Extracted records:
-=-=-
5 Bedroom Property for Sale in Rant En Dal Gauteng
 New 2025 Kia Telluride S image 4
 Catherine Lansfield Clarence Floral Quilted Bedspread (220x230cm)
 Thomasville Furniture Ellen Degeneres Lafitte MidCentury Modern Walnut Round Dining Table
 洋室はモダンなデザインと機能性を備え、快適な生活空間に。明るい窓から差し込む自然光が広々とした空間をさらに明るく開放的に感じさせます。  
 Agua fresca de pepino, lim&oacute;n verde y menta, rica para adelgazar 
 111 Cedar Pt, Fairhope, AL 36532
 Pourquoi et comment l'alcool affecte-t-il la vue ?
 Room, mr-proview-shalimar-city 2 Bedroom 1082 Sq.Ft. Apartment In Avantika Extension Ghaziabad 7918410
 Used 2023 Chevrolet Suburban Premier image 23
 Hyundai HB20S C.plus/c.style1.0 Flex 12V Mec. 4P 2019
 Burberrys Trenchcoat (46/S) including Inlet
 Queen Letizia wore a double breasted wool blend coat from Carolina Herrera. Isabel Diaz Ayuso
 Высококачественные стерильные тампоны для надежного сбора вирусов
-=-=-
• _About this task_: Look above and return each line of the records exactly, from the very first through the line with "Queen Letizia wore", both included.

• _Answer_:
5 Bedroom Property for Sale in Rant En Dal Gauteng
 New 2025 Kia Telluride S image 4
 Catherine Lansfield Clarence Floral Quilted Bedspread (220x230cm)
 Thomasville Furniture Ellen Degeneres Lafitte MidCentury Modern Walnut Round Dining Table
 洋室はモダンなデザインと機能性を備え、快適な生活空間に。明るい窓から差し込む自然光が広々とした空間をさらに明るく開放的に感じさせます。  
 Agua fresca de pepino, lim&oacute;n verde y menta, rica para adelgazar 
 111 Cedar Pt, Fairhope, AL 36532
 Pourquoi et comment l'alcool affecte-t-il la vue ?
 Room, mr-proview-shalimar-city 2 Bedroom 1082 Sq.Ft. Apartment In Avantika Extension Ghaziabad 7918410
 Used 2023 Chevrolet Suburban Premier image 23
 Hyundai HB20S C.plus/c.style1.0 Flex 12V Mec. 4P 2019
 Burberrys Trenchcoat (46/S) including Inlet
 Queen Letizia wore a double breasted wool blend coat from Carolina Herrera. Isabel Diaz Ayuso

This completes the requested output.